Account Access & Security - Quiz Flashcards
Snowflake uses the following access control schemes: Role Based Access Control (RBAC) and ___________.
Discretionary Access Control (DAC)
Which system-define role is it recommended to assign custom roles to? Choose one correct value.
-ORGADMIN
-ACCOUNTADMIN
-SECURITYADMIN
-SYSADMIN
-USERADMIN
SYSADMIN
If custom roles are not assigned to the SYSADMIN role, system admins will not be able to manage the objects owned by the custom role.
If the user property DISABLE_MFA was set to true, the user would need to re-enroll to use multi-factor authentication again. True or false?
True
Network policies currently support which type of IP address?
IPv4
“Network policies currently support only Internet Protocol version 4 (i.e. IPv4) addresses.” - https://docs.snowflake.com/en/user-guide/network-policies.html
Key rotation is the practice of transparently replacing existing account and table encryption keys every __ number of days.
30
Only standard views can be designated as secure. True or false?
False
The ACCOUNT_USAGE share contains a database called SNOWFLAKE. The views in this database are used to provide fine-grained metrics at the account and object level. What is the maximum number of months data in these views available for?
12
Certain account usage views provide historical usage metrics. The retention period for these views is 1 year.
By default, which system-define role can access the SNOWFLAKE database?
ACCOUNTADMIN
Account usage views record dropped objects.
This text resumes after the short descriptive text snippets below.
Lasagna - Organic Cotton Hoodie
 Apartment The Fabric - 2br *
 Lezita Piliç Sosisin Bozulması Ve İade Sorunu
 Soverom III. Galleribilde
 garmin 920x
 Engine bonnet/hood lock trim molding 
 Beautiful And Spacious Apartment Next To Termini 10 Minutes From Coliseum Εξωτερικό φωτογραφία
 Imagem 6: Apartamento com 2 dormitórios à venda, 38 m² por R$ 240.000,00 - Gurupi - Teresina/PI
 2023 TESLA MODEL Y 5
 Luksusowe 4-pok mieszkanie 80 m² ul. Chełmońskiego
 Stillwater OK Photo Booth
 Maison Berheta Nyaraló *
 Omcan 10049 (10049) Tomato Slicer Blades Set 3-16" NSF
True or false?
True
If the role ACCOUNTADMIN was currently active, what would a user see issuing a query that included an email column with the below column masking policy applied to it?
CREATE MASKING POLICY EMAIL_MASK AS (VAL STRING) RETURN STRING ->
CASE
WHEN CURRENT_ROLE() IN (‘ADMIN’) THEN VAL
WHEN CURRENT_USER() IN (‘DEVELOPER’) THEN REGEXP_REPLACE(VAL, ‘.+@’, ‘@’)
ELSE ‘**’
END;
A fully masked email
The ACCOUNTADMIN role would fall under the else condition in the policy body as it’s neither the ADMIN or DEVELOPER role, therefore returning the fully masked email.